In a sense, Neville is in extra-time anyway.
At the end of April last season, long after fellow veterans Ryan Giggs and Paul Scholes had been handed one-year extensions, Neville was still waiting for Sir Alex Ferguson to extend the same gesture his way.
The former England full-back had long since stopped worrying about such matters.
Yet, as the realisation of what was coming suddenly dawned, he confirmed his feeling that life was about to change.
"I turned round during training one morning and said 'I have three games to go at Manchester United'," said Neville at a sponsorship announcement for Singha Beer.
"I had not spoken to the club and I genuinely felt it could be the last three weeks.
"The club didn't owe me anything and I was more than happy. I was enjoying myself.
"In some ways, my best football came in a period I thought I was just going to enjoy."
So well was Neville playing at the time there was even talk of a call into Fabio Capello's World Cup squad.
In the end, the Italian never got in touch and given subsequent events involving David Beckham, it is almost certain Neville will never represent his country again.

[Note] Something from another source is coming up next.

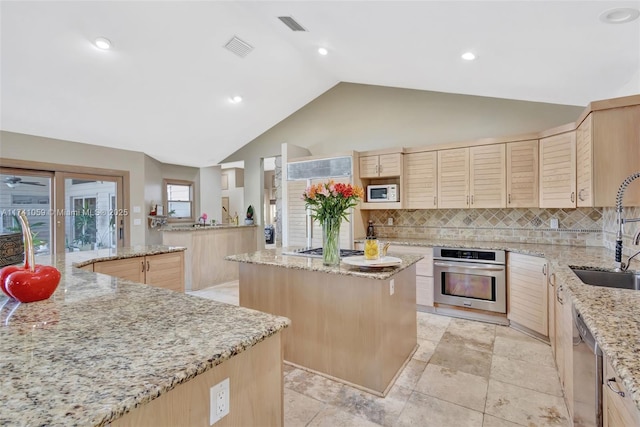 kitchen with sink, a kitchen island, stainless steel appliances, light brown cabinets, and light stone countertops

Still, with 85 caps he has not done badly, his final international appropriately enough against Spain at Old Trafford, just before that fateful ankle injury at the end of what he now classes as the second phase of his career.
"My career has been in three distinct parts," he said.
"I had the pre-first-team time, then from 19 to nearly 33, it was virtually flawless.
"I was always on the teamsheet and regularly playing nearly 50 games a season.
"Then I got the injury and was missing for 18 months. Coming back I felt as though the game had moved on and found it really difficult to adapt.
"It was like I had to learn to adapt to my own body. I was training differently."
It was a whole new experience, similar to the one he had to cope with all those years ago when he made his breakthrough from that famous "Class of 92".
"I feel as though I am starting again. I have had to build myself up from the bottom," he continued.
"Now I have to target 30 games."
As United played only three times in the opening three weeks of the season and John O'Shea started every game, Neville has been watching from the stands.
But a similar period this month sees United playing seven times, including their opening two Champions League games and a Carling Cup trip to Scunthorpe.
This is where Neville feels his opportunities will come.
"There are periods where I have to be ready for the manager to use me," he said.
"You can almost tell when those times will be. Coming up to Christmas when the pitches start to get a bit rougher and experience is required. Post-Christmas when some of the younger players have had six months and need a rest.
"My first games this season will probably be in the Carling Cup and lesser games.
"I know there will be some point in the season where the manager needs me. I have to be ready for that moment."